Posted by: Rob Spear at Sep 26, 2007 2:17:24 PM
I hereby offer as a prize the contents of my wallet to anyone who can tell me the meaning of life, with the following stipulations:
1)no god
2)no work
3)no kids
I think you should ask those weird guys in Burma who have been on TV lately. They're supposed to know something about this stuff.
Posted by: xx at Sep 26, 2007 2:26:01 PM
Rob above
"western women + "fulfilling careers" leads to "a new age of barbarism, presumably Islamic."
????????
Posted by: Geoffrey Brand at Sep 26, 2007 2:48:49 PM
Unless your ideology reproduces by asexual budding from teachers to students, as economics does.
The current Western civilization is dependent on convincing people to live according to its tenets, not breeding people who will do so automatically.
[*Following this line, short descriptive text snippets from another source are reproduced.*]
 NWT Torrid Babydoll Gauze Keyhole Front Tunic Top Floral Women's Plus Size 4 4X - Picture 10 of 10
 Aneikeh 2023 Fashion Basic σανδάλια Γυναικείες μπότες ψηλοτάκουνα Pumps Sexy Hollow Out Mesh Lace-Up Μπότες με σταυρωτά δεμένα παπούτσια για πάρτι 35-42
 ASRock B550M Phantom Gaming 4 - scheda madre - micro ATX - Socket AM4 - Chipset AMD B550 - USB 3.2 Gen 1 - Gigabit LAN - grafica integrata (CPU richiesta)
Posted by: jb at Sep 26, 2007 3:16:58 PM
I'm certianly not old nor wise enough to say that anything is certainly the meaning of life, but I am wise enough to look toward many sources for the answer. Personally, I'm hard pressed to find much that more succinctly hits a pretty good life than Ecc 9:7-18.
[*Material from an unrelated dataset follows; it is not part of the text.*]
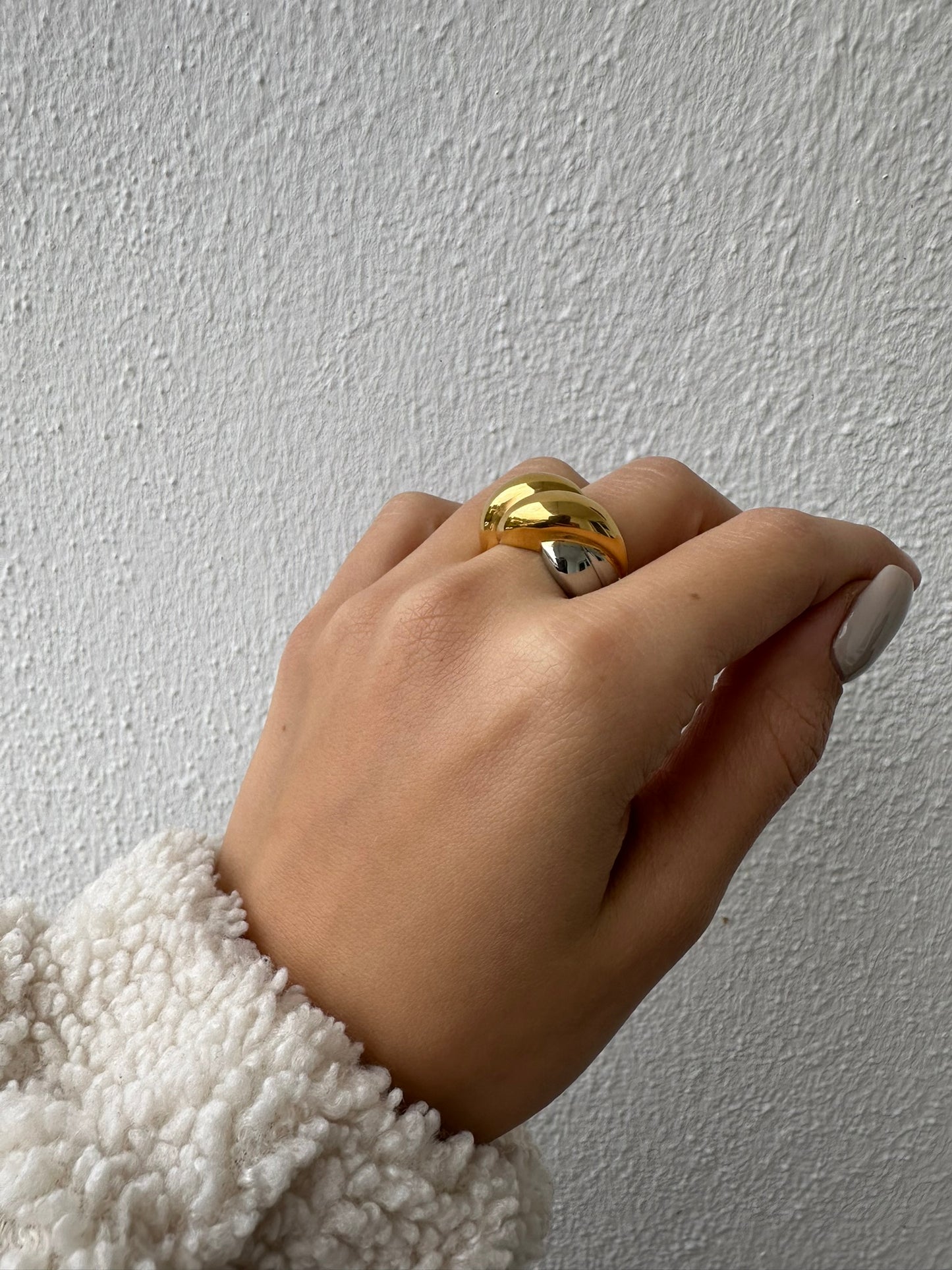 Bicolor Ring 18K Gold and Rhodium Plated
Posted by: nelsonal at Sep 26, 2007 4:24:33 PM
The current Western civilization is dependent on convincing people to live according to its tenets, not breeding people who will do so automatically.
You mean like in Iraq?
Posted by: 8 at Sep 26, 2007 4:26:04 PM
Fulfillment is not the meaning of life. We are evolved beings, for goodness sake. Our only real purpose is to have large numbers of well adjusted children.
No. This is a rather dull example of the naturalistic fallacy. Evolution is not a conscious being of some sort, and as such "it" doesn't care if you have children or not. There is no such thing as "The Meaning of Life", there is only what you think about your life, and what others think about your life. (For example, I hope, at the very least, that you live your life in a way that is satisfying to you and doesn't hurt anyone else.) It is up to you to decide what to do with your life, which will presumably be a quest for fulfillment regardless if you choose to focus on a career of some sort, build a large family, or even die painfully for some chosen political cause.
No matter how much self esteem you have, you and people who share your values will disappear from the world if you do not breed well.
Not necessarily since values are not only transmitted vertically through parents, but horizontally through peers, educators, neighborhoods, and the media.
Also, if my values do not include "the ends justifies the means", then "dying out" for failing to act against my own values is actually a good thing, not a bad thing.
Posted by: Jason Malloy at Sep 26, 2007 4:42:49 PM
Dear Jeff:
I think you owe me the contents of your wallet. As any rational atheist knows, the answer is that there is no meaning to life. You exist, that's it. What you make of your time is entirely up to you, hence free will. Make nothing of it, que sera sera.
This peculiar seeking of "meaning" is such a human affliction. Do you see other creatures wandering the earth bemoaning the meaning of their lives? No way, they are out there eating or being eaten.
You can submit my prize c/o Alex Tabarrok. Thanks!